Now, the big downer: this system has serious problems handling large hard drives. Anything over about 120GB is just about guaranteed to be misdetected as a 6GB disk. It is unclear what kind of problems this causes with booting et cetera when using large disks. Various utilities are available for partitioning and installing windows on large disks for systems with stupid BIOS, but no such utilities are available for Linux. The system actually refused to properly boot when a 250GB disk was installed! A 40GB disk seems to work okay. Unfortunately, the system has no expansion slots, so you can't add any USB2 or 1394 slots. This makes this unit pretty much useless for a NAS (network attached storage) box. More and more I find myself wishing for some kind of inexpensive ATA-to-iSCSI enclosure that would let me eliminate all the USB and IEEE1394 connections on my storage devices - but this isn't it. If you could manage to boot the system from something other than your large disk, then perhaps Linux could be persuaded to see its true capacity?

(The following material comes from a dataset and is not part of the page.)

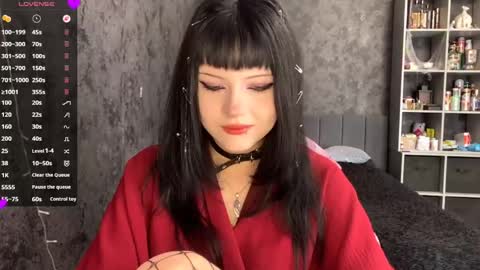 EmelyWoodes online show from June 2, 7:31 am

Given its limitations, what WOULD this system be good for, today? Yank the hard disk out entirely and netboot the system. The system is reported (on HP ITRC forums) to NOT boot off of USB devices, even though some models claims to (via an option in the BIOS.) This particular model doesn't even offer the option. This makes it fairly useless as a NAS device, especially if your NAS of choice is FreeNAS. But the C500 has only one fan, which is pretty wonderful. If you remove the hard disk, the system is nearly silent. It has only a 70W power supply, so you know it's never going to draw a lot of juice. Pair it with an LCD display and you've got a very nice thin client indeed. It would be a little tired for a LTSP5 client, but you could disable encryption and pep things up that way.

I network-installed Ubuntu Gutsy on it just for laughs; not that there's a lot of hardware there, but everything worked fine. If you added a compaq-specific DVD-ROM drive, it would make a dandy VGA-output DVD player, just the thing for those people with projectors with a VGA input. It should have plenty of power to do this, but any higher-resolution stream (especially MPEG4 or similar) is pretty much out of its reach. It would make a fine music jukebox, of course. Keep in mind that an optical drive plugged into 12Mbps USB (there is reputedly one dedicated 12Mbps port, and all other ports are on one hub) can only just barely manage the 1.2MB/sec for full-quality DVD video. You are thus better off streaming the data across the 100Mbps ethernet connection; even downloading the install files for Ubuntu from my 850 MHz Pentium 3 laptop, I managed 4 MB/sec.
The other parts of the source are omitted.